Travelling Abroad During Eid Holidays? What Oman Travellers Need To Know

Muscat: Travelers planning to go abroad this Eid should be aware of potential unexpected costs. An increasing number of global destinations are implementing tourist taxes, which are often included in hotel bills or charged upon arrival to enhance local revenue.

Bhutan  
In Bhutan, visitors are required to pay a Sustainable Development Fee of $100 (OMR 39) per person per day, with the exception of Indian nationals, who currently pay INR1200 (OMR 6) per person per night.  

According to Bhutan’s tourism authority, the funds collected are directly invested in the welfare of the nation’s approximately 800,000 residents. This revenue supports healthcare, education, and infrastructure development, while also promoting environmental initiatives and aiding local businesses.

Spain  
The population of Mallorca, a Spanish island, is comparable to that of Bhutan. However, the island has experienced a surge in tourist numbers in recent years, leading to numerous protests from residents.  

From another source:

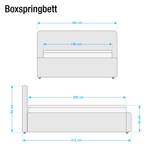 Boxspringbett Stawell Webstoff Blau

In 2024, approximately 13 million tourists visited Mallorca, prompting many locals to advocate for restrictions on mass tourism. In response, the island introduced an accommodation tax in 2016, requiring vacationers to pay up to €4 per day, depending on their hotel category. Despite this tax, tourist numbers continue to rise, setting new records annually. In Barcelona, for instance, visitors currently face a daily charge of up to €7.50, based on their hotel classification.

Germany and France  
In Berlin, a tax of 7.5% is applied to the cost of an overnight stay, while in Paris, guests may face charges nearing €16 per night for the highest-tier hotels.  

Tourism taxes contribute significantly to the overall tax revenue of many cities.  

In Barcelona, the municipality reports that tourism taxes generate approximately €100 million ($104 million), making it the third-largest source of municipal funding. However, the city has experienced significant anti-tourism protests as residents struggle with rising rental costs attributed to short-term holiday rentals from platforms like Airbnb. Consequently, local authorities are now prioritizing funding for projects that serve the broader community rather than solely the tourism industry. Currently, the €100 million ($104 million) collected from overnight accommodation taxes is being allocated to Barcelona’s School Climate Plan, which aims to implement climate control systems in schools throughout the city.  

In Berlin, the revenue from the overnight accommodation tax, known as the City Tax, has not yet been designated for specific projects. The funds, which amounted to nearly €90 million in 2024, are currently directed into the city’s general budget.  

Netherlands  
Similarly, in Amsterdam, a tourist tax has been in effect since 1973, currently set at 12.5% of the overnight stay price. It is projected to yield €260 million in revenue by 2025, according to a city council spokesperson. Officials assert that this tax serves as both a vital revenue source and a mechanism to manage tourism growth, although its impact as a deterrent is expected to be minimal.

Venice
Italy, finally implemented its long-anticipated tourist tax in 2024 after considerable discussion. Visitors making day trips were required to pay an entrance fee of €5 on 29 designated peak season days. Critics, including opposition politicians, argued that this amount was insufficient to discourage tourists from flocking to the already congested city. Consequently, Venice increased the number of days subject to the fee to 54. Additionally, those who fail to pay the fee at least four days prior to their visit will now incur a charge of €10.